**WHAT THE TASK REQUIRES**.
For the data below, please report each line where the word "Dance" is found.

**RECORD EXTRACTS**.
==========

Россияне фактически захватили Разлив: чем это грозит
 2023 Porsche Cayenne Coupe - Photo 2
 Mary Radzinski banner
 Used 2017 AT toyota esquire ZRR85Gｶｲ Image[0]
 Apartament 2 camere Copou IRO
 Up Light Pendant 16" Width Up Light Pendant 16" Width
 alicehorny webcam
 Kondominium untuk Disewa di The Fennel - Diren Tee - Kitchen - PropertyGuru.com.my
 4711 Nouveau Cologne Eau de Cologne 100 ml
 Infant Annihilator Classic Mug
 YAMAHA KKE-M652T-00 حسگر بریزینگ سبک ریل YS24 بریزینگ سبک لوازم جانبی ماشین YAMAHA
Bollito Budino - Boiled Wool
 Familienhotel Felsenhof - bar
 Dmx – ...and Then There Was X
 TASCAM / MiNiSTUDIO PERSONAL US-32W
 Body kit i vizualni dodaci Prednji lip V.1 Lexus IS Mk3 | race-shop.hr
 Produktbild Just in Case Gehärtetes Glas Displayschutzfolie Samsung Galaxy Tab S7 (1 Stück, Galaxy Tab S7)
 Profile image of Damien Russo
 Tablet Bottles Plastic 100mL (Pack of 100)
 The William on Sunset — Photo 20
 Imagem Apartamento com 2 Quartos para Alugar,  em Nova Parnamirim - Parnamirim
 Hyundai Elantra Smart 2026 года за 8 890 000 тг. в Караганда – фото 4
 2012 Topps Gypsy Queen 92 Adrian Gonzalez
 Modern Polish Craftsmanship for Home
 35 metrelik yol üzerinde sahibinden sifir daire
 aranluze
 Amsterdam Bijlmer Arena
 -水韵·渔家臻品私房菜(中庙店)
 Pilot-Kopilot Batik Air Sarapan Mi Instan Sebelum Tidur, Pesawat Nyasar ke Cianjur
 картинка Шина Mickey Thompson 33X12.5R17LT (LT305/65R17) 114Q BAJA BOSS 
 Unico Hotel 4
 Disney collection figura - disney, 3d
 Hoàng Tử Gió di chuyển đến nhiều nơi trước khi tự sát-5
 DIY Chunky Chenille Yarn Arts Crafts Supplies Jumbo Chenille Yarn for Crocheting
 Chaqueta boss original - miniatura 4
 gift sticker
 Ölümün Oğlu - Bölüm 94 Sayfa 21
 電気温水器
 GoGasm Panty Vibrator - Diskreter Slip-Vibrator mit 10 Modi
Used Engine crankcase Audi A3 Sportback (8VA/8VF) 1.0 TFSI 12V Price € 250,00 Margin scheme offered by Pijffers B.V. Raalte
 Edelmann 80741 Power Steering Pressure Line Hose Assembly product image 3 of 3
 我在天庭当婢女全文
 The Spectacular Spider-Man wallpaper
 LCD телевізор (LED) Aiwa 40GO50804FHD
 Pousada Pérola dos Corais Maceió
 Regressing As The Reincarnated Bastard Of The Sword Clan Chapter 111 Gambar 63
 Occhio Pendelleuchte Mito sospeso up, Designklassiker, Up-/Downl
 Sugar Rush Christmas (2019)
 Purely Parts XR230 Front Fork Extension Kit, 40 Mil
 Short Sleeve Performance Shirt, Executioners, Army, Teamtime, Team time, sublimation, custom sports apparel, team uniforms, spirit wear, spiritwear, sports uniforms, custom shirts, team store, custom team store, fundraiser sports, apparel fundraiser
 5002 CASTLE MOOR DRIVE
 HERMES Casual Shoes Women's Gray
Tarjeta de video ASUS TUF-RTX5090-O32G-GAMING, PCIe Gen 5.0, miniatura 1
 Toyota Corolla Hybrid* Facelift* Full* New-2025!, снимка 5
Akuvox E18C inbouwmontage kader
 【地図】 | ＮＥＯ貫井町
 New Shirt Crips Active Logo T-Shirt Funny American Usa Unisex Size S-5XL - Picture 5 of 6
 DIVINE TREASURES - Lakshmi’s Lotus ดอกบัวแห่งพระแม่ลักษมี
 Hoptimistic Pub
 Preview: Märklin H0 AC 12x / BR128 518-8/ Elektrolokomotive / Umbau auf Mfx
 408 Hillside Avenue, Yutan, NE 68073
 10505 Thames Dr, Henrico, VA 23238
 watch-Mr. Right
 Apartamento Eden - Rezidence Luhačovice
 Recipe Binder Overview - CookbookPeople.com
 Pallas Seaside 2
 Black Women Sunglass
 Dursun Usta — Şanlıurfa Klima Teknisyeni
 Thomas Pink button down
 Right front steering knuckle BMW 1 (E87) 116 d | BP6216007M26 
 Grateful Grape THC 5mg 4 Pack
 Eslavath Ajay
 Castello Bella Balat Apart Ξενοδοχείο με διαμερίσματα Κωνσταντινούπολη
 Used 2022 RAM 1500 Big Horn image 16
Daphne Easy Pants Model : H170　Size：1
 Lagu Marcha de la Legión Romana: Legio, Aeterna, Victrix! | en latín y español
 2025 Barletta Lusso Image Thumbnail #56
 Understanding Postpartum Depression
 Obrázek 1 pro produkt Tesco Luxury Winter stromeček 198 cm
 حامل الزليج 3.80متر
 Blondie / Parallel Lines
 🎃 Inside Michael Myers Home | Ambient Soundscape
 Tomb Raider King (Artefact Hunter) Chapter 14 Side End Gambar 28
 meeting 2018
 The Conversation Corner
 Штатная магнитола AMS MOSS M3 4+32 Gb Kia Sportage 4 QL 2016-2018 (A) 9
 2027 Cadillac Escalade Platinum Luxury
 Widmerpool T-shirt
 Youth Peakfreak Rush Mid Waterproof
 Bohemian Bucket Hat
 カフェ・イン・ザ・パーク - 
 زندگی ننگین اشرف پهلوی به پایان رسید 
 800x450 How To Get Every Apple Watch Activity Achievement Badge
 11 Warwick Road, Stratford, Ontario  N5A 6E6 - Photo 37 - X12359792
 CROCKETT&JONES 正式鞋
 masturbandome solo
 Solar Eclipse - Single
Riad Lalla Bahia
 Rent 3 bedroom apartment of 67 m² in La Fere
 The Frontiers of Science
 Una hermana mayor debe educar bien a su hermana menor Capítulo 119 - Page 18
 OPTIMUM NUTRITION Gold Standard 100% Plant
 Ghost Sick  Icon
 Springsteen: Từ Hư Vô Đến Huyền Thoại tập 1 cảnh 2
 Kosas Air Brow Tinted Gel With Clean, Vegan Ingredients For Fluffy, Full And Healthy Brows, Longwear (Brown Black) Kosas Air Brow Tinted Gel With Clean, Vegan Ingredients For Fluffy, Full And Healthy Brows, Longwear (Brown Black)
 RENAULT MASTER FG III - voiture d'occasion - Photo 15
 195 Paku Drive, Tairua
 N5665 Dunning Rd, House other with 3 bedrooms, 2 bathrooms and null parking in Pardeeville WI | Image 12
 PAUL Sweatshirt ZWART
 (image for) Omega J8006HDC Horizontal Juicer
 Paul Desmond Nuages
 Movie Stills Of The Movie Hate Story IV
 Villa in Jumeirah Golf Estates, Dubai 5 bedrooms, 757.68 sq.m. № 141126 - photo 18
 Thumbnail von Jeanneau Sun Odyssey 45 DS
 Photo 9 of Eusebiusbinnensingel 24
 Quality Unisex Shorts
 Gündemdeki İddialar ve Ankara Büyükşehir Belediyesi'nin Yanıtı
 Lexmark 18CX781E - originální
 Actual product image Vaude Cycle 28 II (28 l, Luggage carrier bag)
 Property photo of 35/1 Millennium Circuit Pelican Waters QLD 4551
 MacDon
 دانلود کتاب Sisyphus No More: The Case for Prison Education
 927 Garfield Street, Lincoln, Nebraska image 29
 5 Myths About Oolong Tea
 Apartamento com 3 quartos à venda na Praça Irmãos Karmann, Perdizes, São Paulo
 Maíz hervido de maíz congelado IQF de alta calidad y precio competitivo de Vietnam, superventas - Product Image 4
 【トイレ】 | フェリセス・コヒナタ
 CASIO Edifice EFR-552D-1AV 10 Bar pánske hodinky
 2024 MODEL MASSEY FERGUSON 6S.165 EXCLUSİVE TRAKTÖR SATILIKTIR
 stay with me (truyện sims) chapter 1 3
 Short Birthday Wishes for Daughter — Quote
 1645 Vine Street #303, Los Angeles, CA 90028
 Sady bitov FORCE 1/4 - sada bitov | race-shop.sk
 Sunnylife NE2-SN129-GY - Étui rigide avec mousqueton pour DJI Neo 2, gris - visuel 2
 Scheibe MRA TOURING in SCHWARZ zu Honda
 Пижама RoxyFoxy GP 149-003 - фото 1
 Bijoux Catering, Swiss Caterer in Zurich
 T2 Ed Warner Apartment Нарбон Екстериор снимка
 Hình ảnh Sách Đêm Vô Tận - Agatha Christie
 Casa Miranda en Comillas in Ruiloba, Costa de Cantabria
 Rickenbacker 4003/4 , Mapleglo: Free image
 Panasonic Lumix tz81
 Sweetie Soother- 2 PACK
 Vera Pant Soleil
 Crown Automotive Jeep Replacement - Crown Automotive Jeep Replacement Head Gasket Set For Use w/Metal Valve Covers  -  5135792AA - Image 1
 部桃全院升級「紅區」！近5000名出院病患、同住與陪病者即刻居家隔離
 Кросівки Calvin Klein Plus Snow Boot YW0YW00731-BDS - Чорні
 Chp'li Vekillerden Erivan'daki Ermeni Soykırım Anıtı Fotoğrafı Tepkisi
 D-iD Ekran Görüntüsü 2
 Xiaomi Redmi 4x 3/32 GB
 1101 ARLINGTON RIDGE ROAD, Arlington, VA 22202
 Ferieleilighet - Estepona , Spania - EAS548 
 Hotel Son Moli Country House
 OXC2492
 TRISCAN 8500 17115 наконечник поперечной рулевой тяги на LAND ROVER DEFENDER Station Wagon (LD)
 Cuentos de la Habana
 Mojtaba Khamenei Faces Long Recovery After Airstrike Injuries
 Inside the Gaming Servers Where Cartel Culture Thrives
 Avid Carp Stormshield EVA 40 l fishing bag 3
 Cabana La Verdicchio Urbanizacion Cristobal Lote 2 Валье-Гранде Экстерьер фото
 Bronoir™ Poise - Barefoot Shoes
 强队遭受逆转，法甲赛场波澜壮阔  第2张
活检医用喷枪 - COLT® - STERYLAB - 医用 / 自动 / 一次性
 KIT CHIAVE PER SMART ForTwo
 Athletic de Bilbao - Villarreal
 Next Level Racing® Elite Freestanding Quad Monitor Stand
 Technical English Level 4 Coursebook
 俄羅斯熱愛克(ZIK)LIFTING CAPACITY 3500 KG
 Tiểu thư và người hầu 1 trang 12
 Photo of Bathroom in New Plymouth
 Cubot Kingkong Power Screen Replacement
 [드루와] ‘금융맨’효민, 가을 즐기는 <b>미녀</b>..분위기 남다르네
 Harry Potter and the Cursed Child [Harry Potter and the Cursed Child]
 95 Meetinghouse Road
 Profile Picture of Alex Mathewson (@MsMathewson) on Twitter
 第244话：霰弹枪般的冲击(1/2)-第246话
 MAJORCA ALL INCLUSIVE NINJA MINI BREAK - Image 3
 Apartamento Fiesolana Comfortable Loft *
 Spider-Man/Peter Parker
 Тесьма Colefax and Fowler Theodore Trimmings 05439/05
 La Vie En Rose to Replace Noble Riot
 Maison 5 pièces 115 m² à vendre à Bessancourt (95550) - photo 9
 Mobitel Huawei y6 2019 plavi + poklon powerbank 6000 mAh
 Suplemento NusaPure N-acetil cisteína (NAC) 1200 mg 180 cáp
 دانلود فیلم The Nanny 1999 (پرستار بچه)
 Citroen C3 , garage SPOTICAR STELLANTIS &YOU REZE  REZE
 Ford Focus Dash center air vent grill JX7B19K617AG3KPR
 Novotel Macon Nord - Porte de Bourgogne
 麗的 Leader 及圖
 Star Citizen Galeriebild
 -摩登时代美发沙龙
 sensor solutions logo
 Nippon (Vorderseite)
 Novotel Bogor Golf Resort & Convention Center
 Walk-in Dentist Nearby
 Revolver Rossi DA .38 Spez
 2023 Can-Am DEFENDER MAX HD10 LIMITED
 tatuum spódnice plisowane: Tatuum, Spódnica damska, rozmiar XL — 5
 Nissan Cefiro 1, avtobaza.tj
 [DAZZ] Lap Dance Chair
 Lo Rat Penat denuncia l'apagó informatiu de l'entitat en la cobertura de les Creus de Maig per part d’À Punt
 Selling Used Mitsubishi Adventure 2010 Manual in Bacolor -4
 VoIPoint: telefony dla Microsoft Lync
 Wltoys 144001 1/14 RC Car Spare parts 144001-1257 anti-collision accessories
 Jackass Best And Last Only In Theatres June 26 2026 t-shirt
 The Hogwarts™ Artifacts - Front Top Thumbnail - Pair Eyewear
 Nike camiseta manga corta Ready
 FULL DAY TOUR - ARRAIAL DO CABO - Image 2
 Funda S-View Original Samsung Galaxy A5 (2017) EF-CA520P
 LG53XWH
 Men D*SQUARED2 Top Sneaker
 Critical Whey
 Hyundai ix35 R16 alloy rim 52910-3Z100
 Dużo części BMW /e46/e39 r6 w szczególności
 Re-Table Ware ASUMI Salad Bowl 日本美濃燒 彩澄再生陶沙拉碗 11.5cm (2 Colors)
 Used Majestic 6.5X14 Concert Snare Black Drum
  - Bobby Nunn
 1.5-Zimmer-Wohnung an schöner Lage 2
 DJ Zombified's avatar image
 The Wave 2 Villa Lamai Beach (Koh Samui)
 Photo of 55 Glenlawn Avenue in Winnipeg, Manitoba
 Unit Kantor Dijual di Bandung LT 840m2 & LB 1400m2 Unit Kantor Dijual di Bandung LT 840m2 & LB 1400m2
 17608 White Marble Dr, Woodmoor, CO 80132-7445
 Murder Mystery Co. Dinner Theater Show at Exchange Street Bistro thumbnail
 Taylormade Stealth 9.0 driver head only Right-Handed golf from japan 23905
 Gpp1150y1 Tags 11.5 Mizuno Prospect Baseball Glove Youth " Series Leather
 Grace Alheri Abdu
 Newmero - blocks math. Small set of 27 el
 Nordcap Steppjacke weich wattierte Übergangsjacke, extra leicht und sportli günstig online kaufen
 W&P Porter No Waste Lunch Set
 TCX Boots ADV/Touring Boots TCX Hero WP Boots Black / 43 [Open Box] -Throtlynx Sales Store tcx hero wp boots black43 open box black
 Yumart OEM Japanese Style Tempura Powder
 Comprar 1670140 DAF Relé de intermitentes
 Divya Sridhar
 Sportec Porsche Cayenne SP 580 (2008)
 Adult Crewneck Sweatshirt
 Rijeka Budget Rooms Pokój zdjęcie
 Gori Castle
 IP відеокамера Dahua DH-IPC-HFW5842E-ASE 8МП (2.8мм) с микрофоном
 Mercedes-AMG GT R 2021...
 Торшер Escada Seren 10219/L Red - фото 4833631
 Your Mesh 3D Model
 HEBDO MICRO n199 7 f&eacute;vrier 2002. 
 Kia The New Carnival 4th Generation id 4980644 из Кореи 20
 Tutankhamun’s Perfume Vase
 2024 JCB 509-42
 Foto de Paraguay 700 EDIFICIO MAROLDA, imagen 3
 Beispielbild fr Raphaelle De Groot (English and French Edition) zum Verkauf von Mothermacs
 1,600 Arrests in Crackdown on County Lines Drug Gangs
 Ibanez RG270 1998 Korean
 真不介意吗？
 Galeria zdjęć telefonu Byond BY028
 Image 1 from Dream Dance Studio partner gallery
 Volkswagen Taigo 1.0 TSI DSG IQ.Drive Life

==========

**RESPONSE TO THIS TASK**.
 [DAZZ] Lap Dance Chair
 Image 1 from Dream Dance Studio partner gallery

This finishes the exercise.